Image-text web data
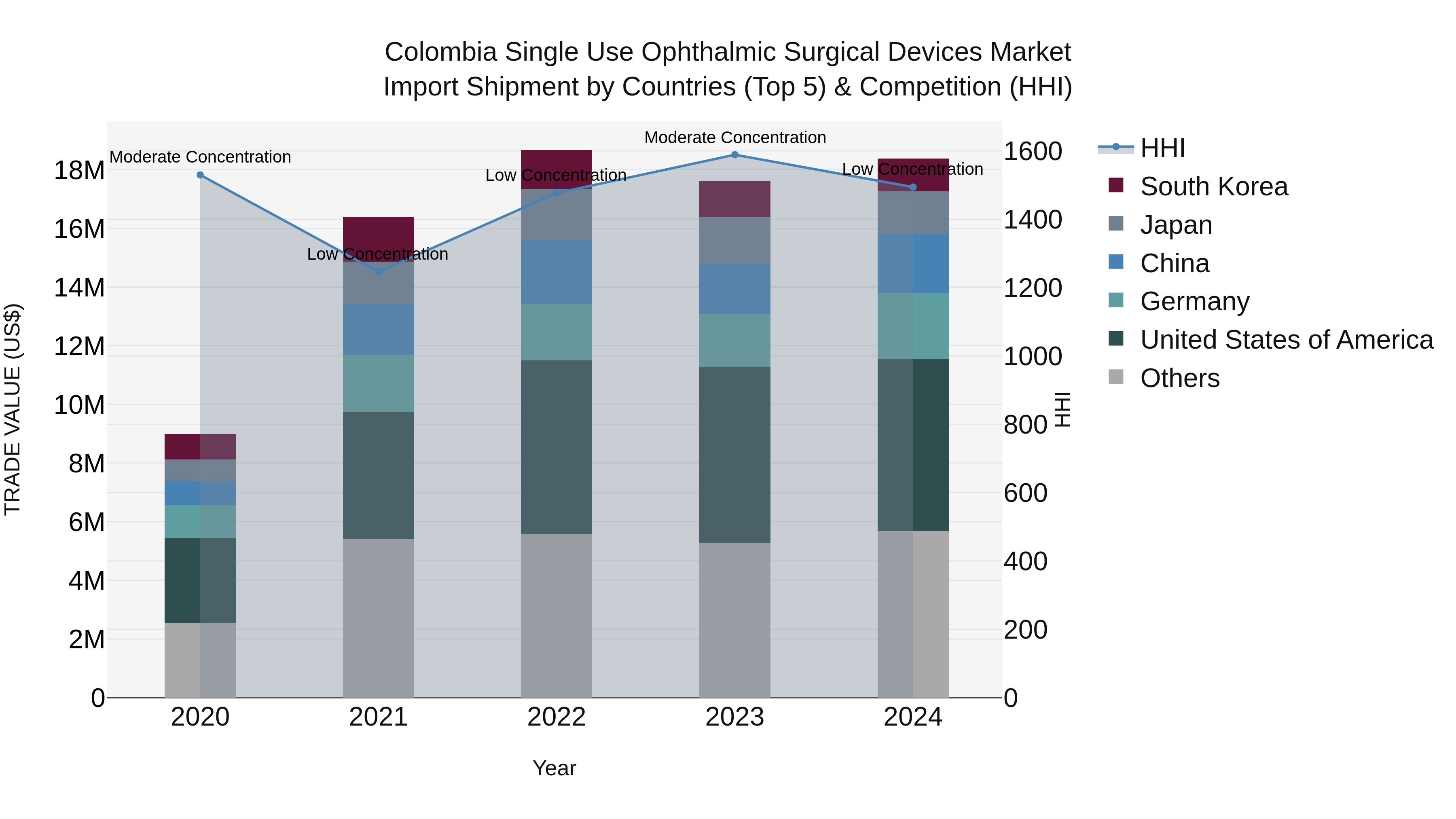 Colombia Single Use Ophthalmic Surgical Devices Market: Top 5 Importing Countries and Market Competition (HHI) Analysis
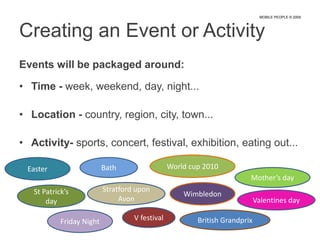device is generally difficult to use (relatively poor interface)Consumers when ‘mobile’typically want something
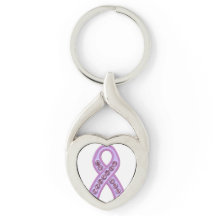 Cadena de claves para la toma de conciencia sobre
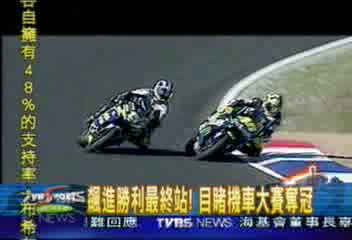 天才羅西狂飆封王　喬丹鼓勇試賽車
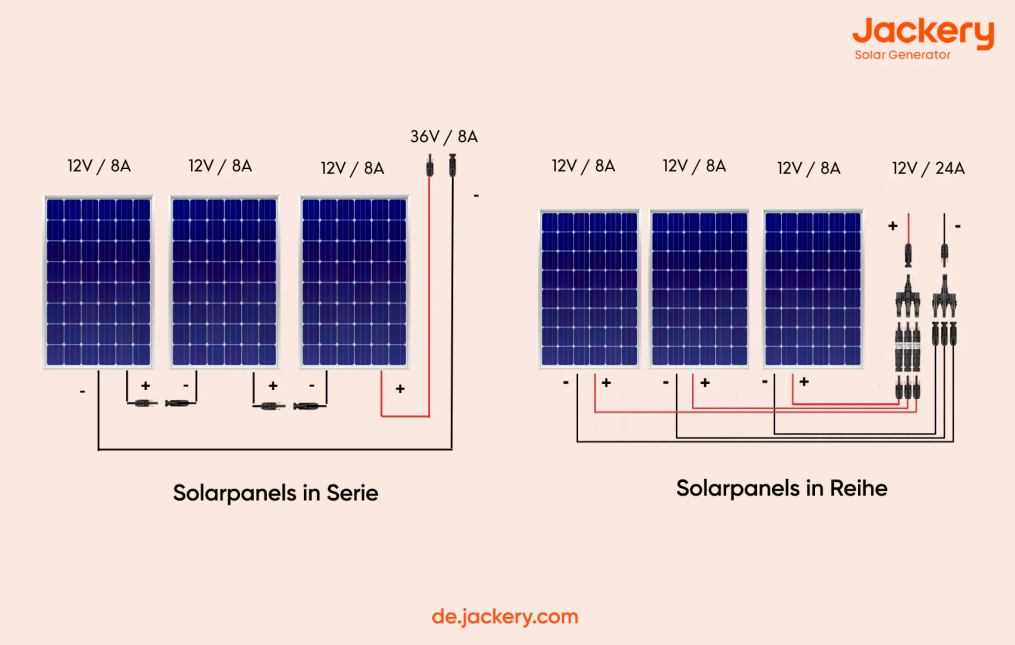 Unterschiedliche und Gleiche Solarmodule Parallel Schalten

» Problem to work on
Word for word, restate all of the entries above and leave each picture out.

» Output for this task
 Colombia Single Use Ophthalmic Surgical Devices Market: Top 5 Importing Countries and Market Competition (HHI) Analysis
device is generally difficult to use (relatively poor interface)Consumers when ‘mobile’typically want something
 Cadena de claves para la toma de conciencia sobre
 天才羅西狂飆封王　喬丹鼓勇試賽車
 Unterschiedliche und Gleiche Solarmodule Parallel Schalten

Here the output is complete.